My mind drifted to the second of those two Taliban fighters. What must he have been thinking when his friend slumped over—and two seconds later, when the sound of the shot arrived? Or was he dead by the time the sound of the first shot arrived? “It must be terrifying,” I said, “to have a bullet come out of nowhere.”
“That’s the whole idea,” Clark said. “One sniper shot can wreck the morale of a whole company—of a whole division. You want the enemy scared, not knowing where it’s safe to stand, not knowing when the next bullet’s coming in.”
“Imagine, though,” I said, “looking through the scope and seeing the face of the man you’re going to kill.”
“That’s not the worst thing,” Clark said. “The worst thing is lying in your own shit for five days waiting for the shot.”
Jeremy and Marcey shot five stages that day.

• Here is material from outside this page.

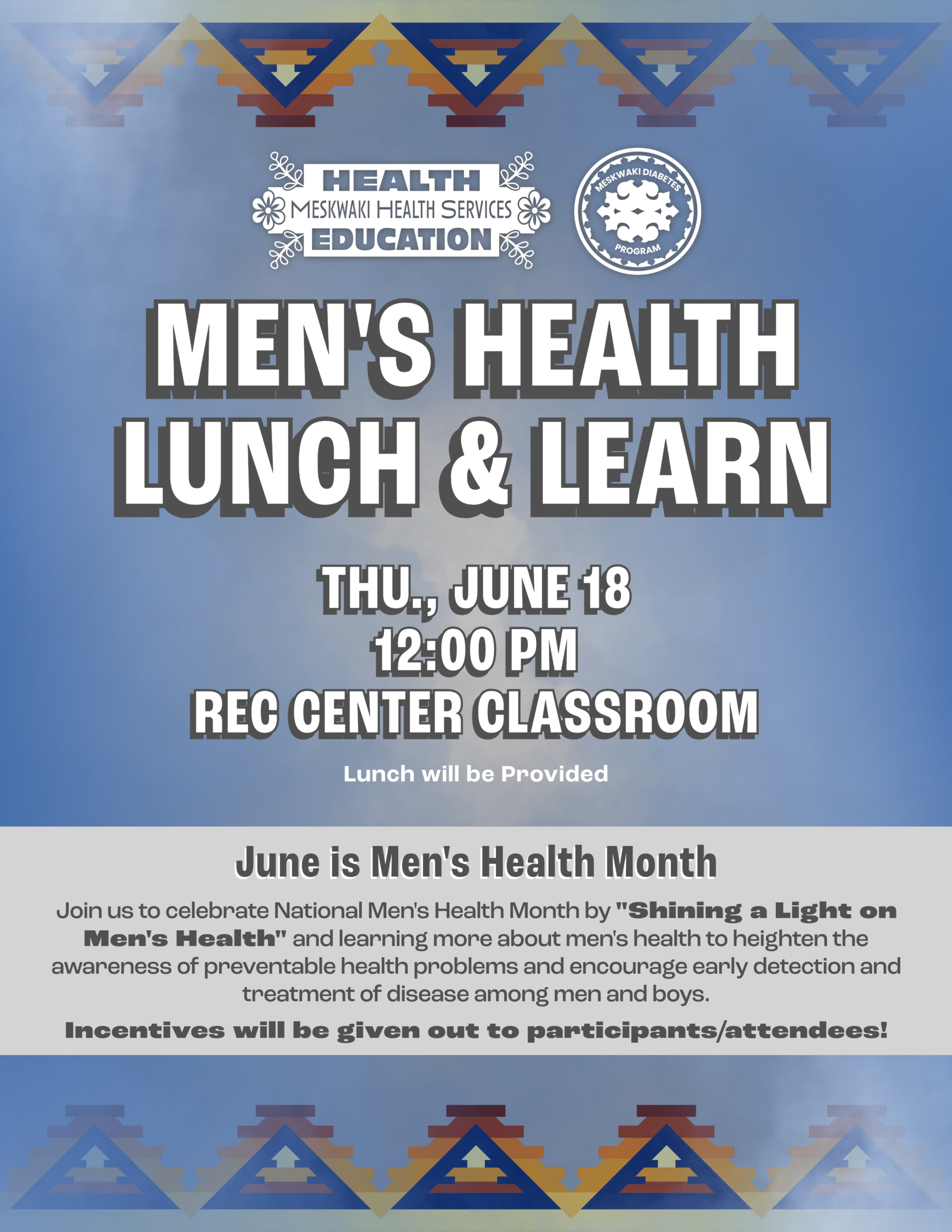 Meskwaki Health to host Men’s Health Lunch & Learn on June 18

Some required only two guns—pistol and shotgun, say, or rifle and pistol—and some all three. One diabolical stage called on shooters to hunt down and blast shotgun targets hiding in tall brush, then hit a rifle target rotating on a big wheel; another had them move through and around an old cinder-block building while shooting pistol targets, like cops in a hostage situation. Most of the shooters were men, but several squads had at least one woman, including a skinny sixteen-year-old girl being coached by her dad. She was awesome—lithe, quick, and coolheaded; not a girl to mess with. Her dad, a big, solid guy who asked me not to interview or identify her, said he couldn’t think of a better way than three-gun to get a girl through her teenage years. “You got to take and put so much discipline into this, you can’t be thinking of getting into trouble,” he said. “She’s got friends drinking, and messing around, and she’s not into any of that. After school and weekends, she’s on the range with me, with her mind focused.”